* [Data below]
_ _ _ _ _ _ _

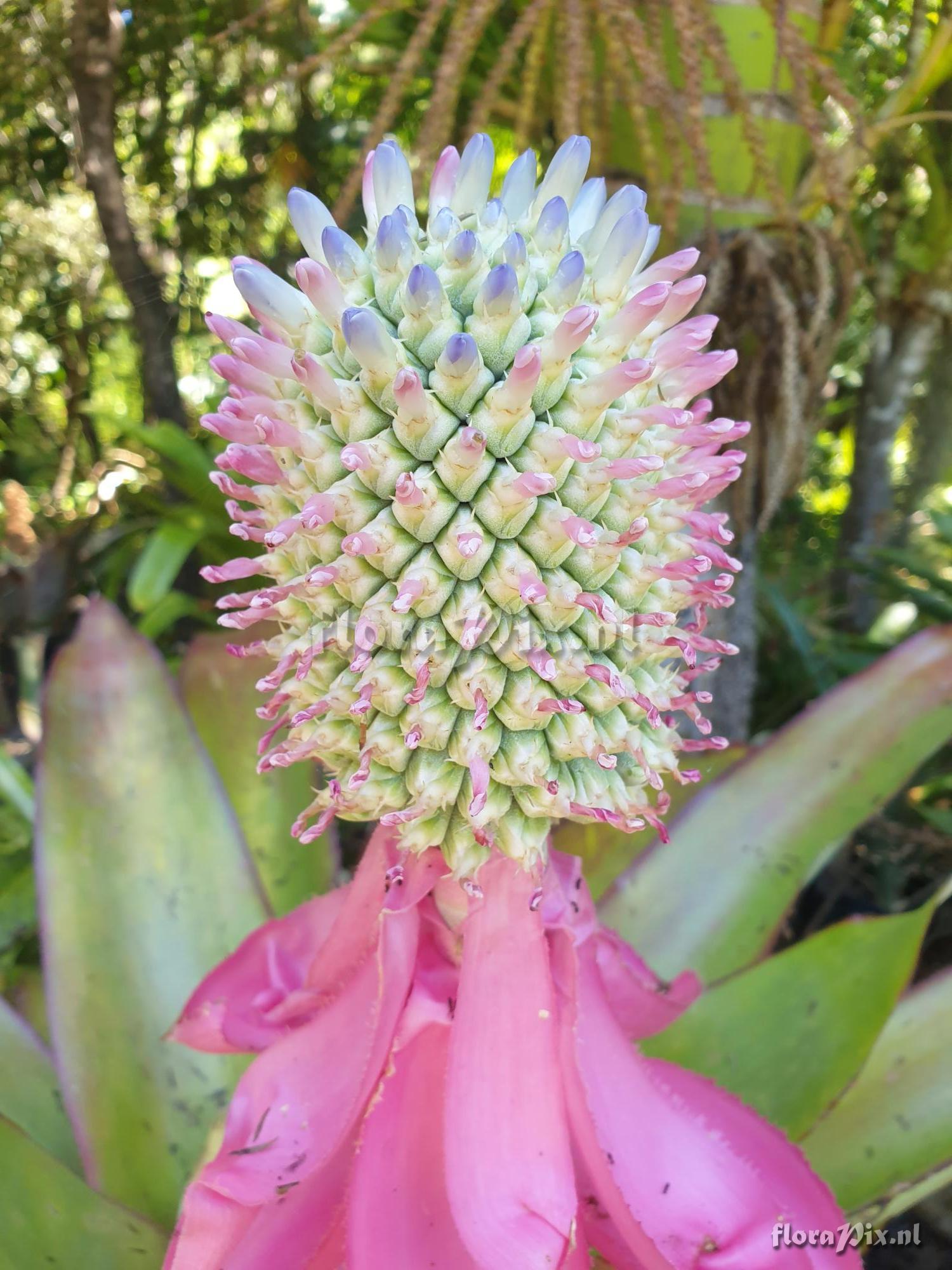 Aechmea mariaereginae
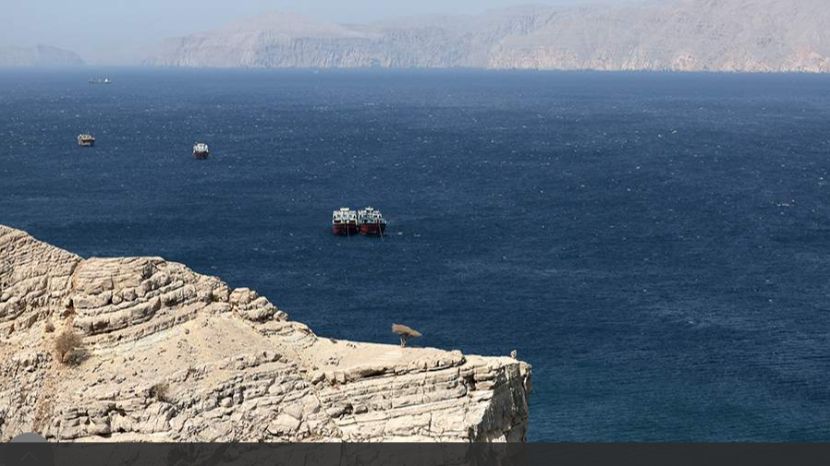 Аналитик спрогнозировал долгосрочное влияние перекрытия Ормуза на экономику ЕС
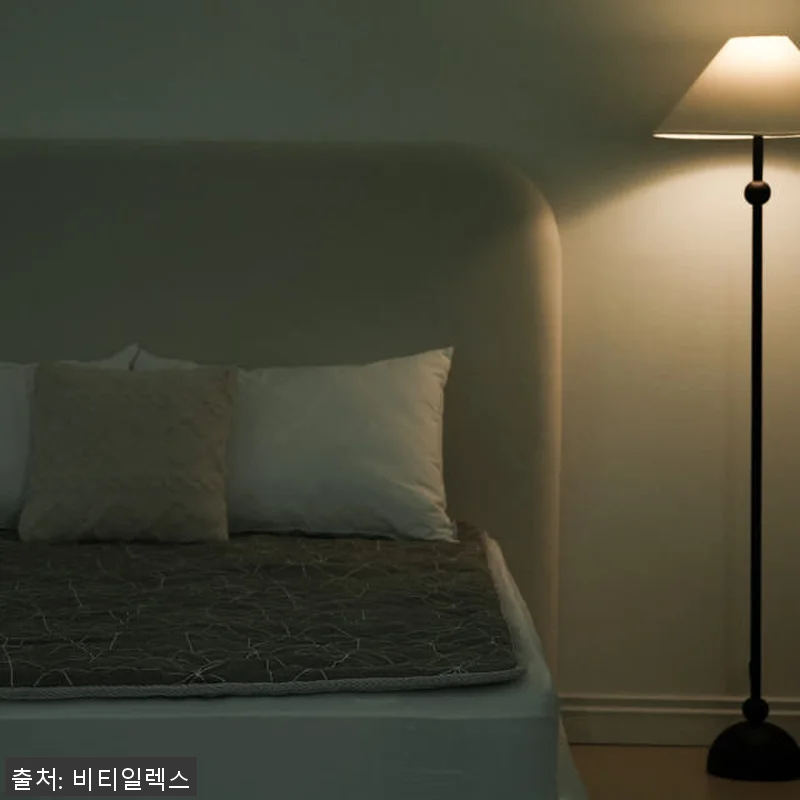 비티일렉스 배김방지 온수매트 숙면 특 관련 이미지 7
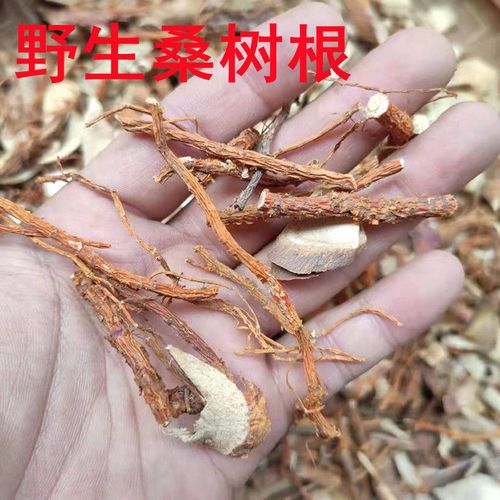 桑树根 野生干货 深山自采 自然晒干 桑葚树根 桑树老桑头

_ _ _ _ _ _ _

* [Required action]
Output the whole of the data, unchanged; keep the pictures out.

* [Task result]
 Aechmea mariaereginae
 Аналитик спрогнозировал долгосрочное влияние перекрытия Ормуза на экономику ЕС
 비티일렉스 배김방지 온수매트 숙면 특 관련 이미지 7
 桑树根 野生干货 深山自采 自然晒干 桑葚树根 桑树老桑头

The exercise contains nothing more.